- [Problem requirements] Print each entry in full, word for word, with no pictures in the result.

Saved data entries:
---

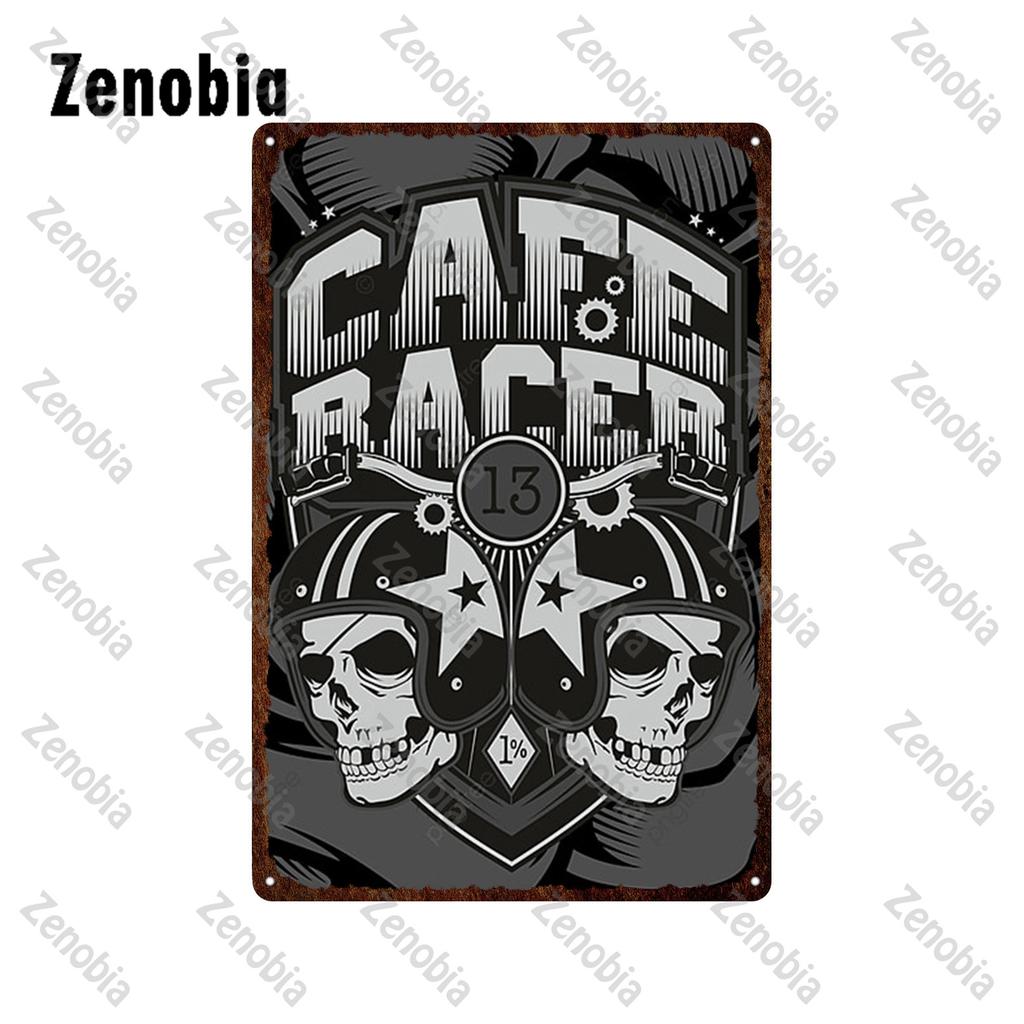 Hill Bobber Motorcycles Metal Signs Cafe Racer Oil School Chopper Metal Poster Vintage Plaque Retro Tin Plate Garage Home Decor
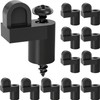 12 Pack 3/8 in Nylon Window Screen Clip with Screws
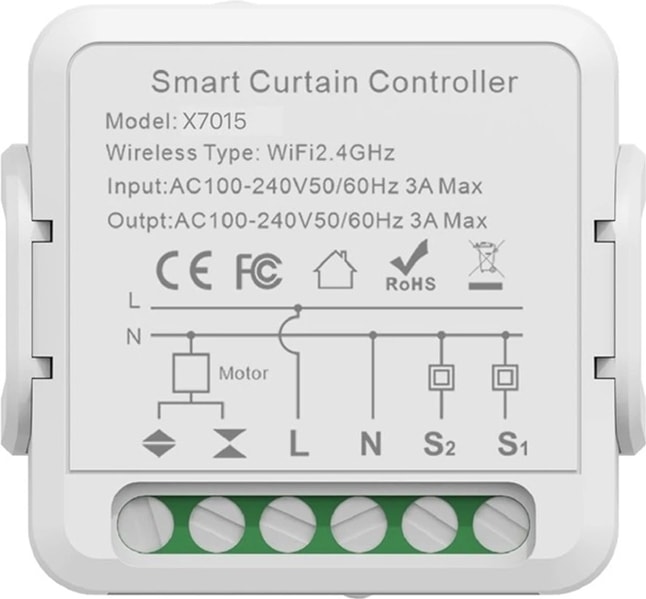Xenon Smart Tuya Uyumlu Wifi Akıllı Panjur Anahtarı Perde Kontrol Modülü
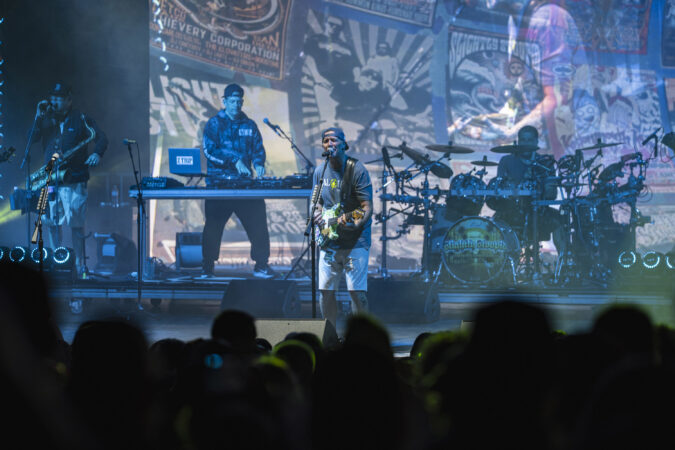 Miles Doughty performs during Slightly Stoopid’s Sunday night set at Beak & Skiff Apple Orchards. Doughty co-founded the band as a teenager in the mid-1990s, when Sublime frontman Bradley Nowell became an early supporter of the group. Photo by Matt Hofmann.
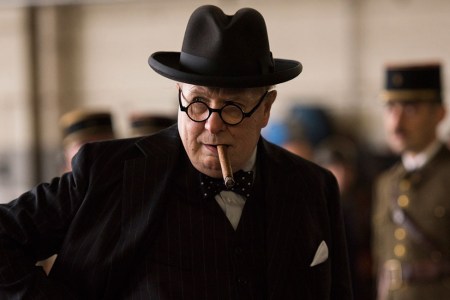 Gary Oldman as Winston Churchill in 'Darkest Hours' (Focus Features) 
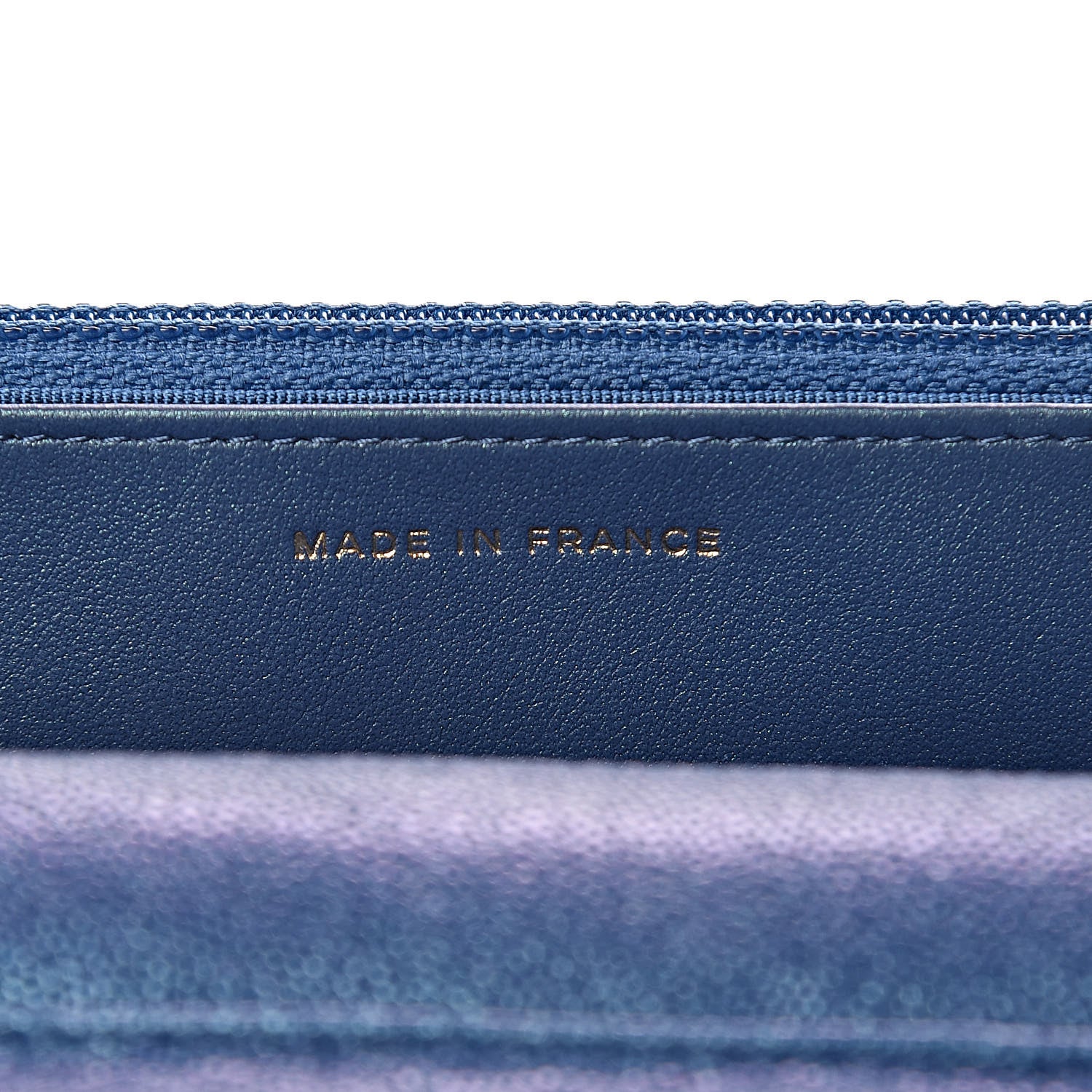 Chanel Iridescent Caviar Quilted Wallet On Chain WOC Dark Blue 7 of 11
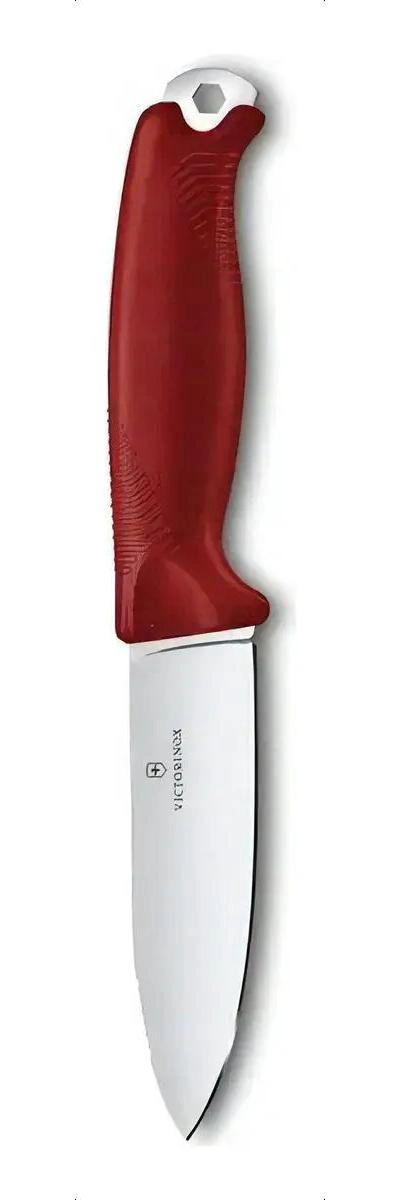 CUCHILLO DE COCINA CON MANGO ROJO Y HOJA AFILADA - 4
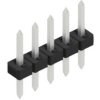 Pin header, 5 pole, pitch 2 mm, straight, black, 10062072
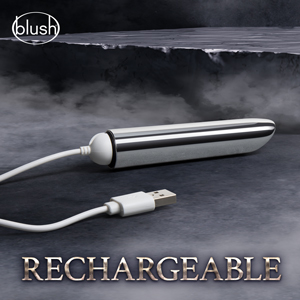 blush novelties the realm silver rechargeable bullet usb magnetic cable included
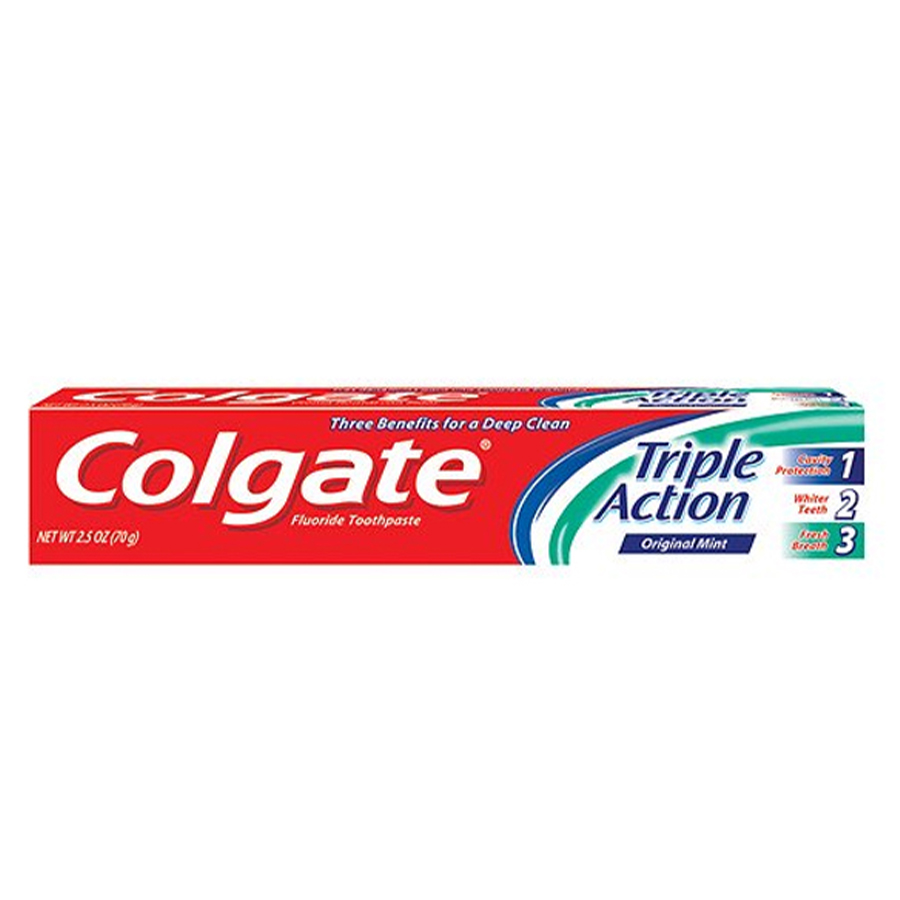 [11207] COLGATE TOOTHPASTE 2.5 OZ TRIPLE ACTION  (24 Pack)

---

- [Result of the task]
 Hill Bobber Motorcycles Metal Signs Cafe Racer Oil School Chopper Metal Poster Vintage Plaque Retro Tin Plate Garage Home Decor
 12 Pack 3/8 in Nylon Window Screen Clip with Screws
Xenon Smart Tuya Uyumlu Wifi Akıllı Panjur Anahtarı Perde Kontrol Modülü
 Miles Doughty performs during Slightly Stoopid’s Sunday night set at Beak & Skiff Apple Orchards. Doughty co-founded the band as a teenager in the mid-1990s, when Sublime frontman Bradley Nowell became an early supporter of the group. Photo by Matt Hofmann.
 Gary Oldman as Winston Churchill in 'Darkest Hours' (Focus Features) 
 Chanel Iridescent Caviar Quilted Wallet On Chain WOC Dark Blue 7 of 11
 CUCHILLO DE COCINA CON MANGO ROJO Y HOJA AFILADA - 4
 Pin header, 5 pole, pitch 2 mm, straight, black, 10062072
 blush novelties the realm silver rechargeable bullet usb magnetic cable included
 [11207] COLGATE TOOTHPASTE 2.5 OZ TRIPLE ACTION  (24 Pack)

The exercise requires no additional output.